THE DATA:
————————

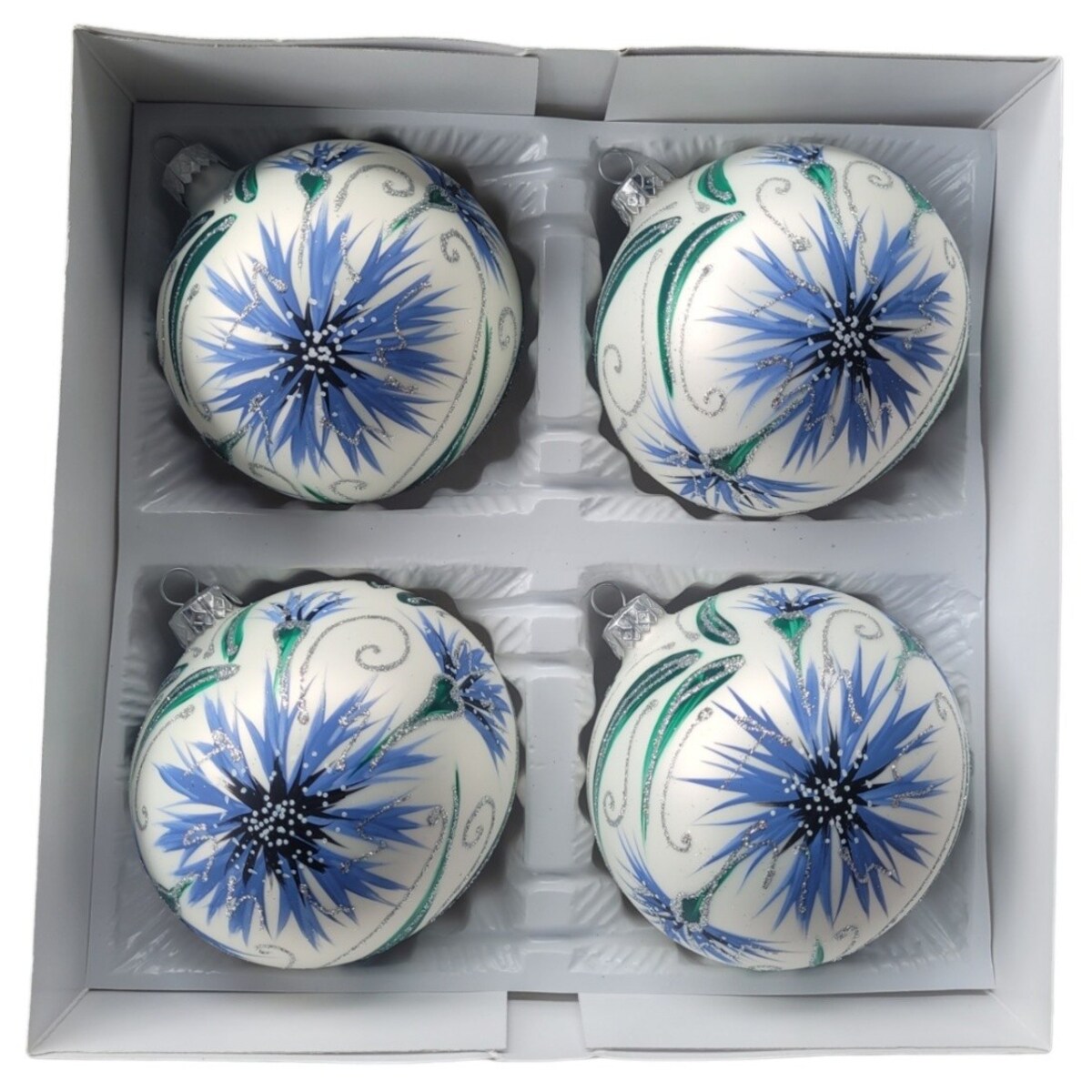 Bombka szklana 4 szt. FIORDALISI Ø 100 mm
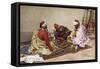 The Backgammon Players-Giulio Rosati-Framed Stretched Canvas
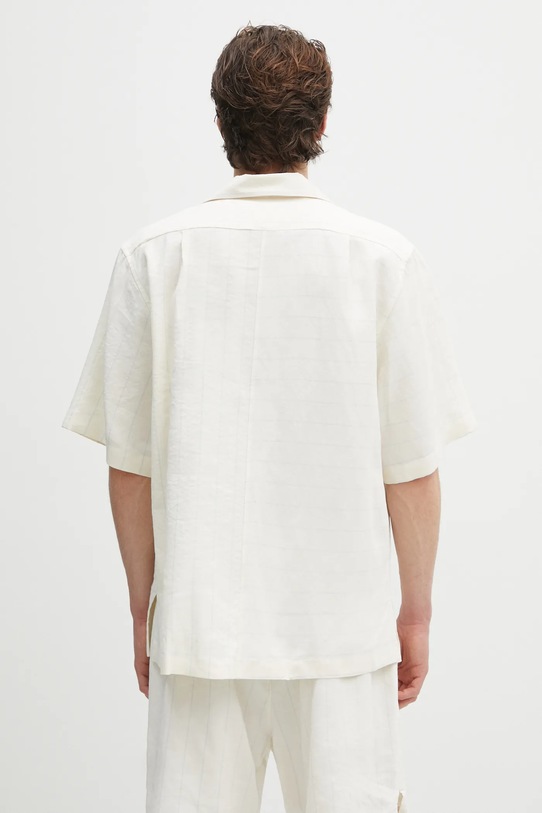 Oblečenie Košeľa Wales Bonner Highlife Bowling MS25SH08.VI02.0959 béžová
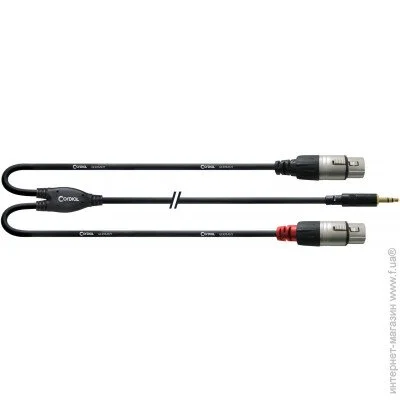   Mini Jack 2xXLR 3 Cordial CFY 3 WFF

————————

REQUIRED ACTION:
Write every line of the data out again exactly, leaving out all images.

YOUR RESPONSE:
 Bombka szklana 4 szt. FIORDALISI Ø 100 mm
 The Backgammon Players-Giulio Rosati-Framed Stretched Canvas
 Oblečenie Košeľa Wales Bonner Highlife Bowling MS25SH08.VI02.0959 béžová
   Mini Jack 2xXLR 3 Cordial CFY 3 WFF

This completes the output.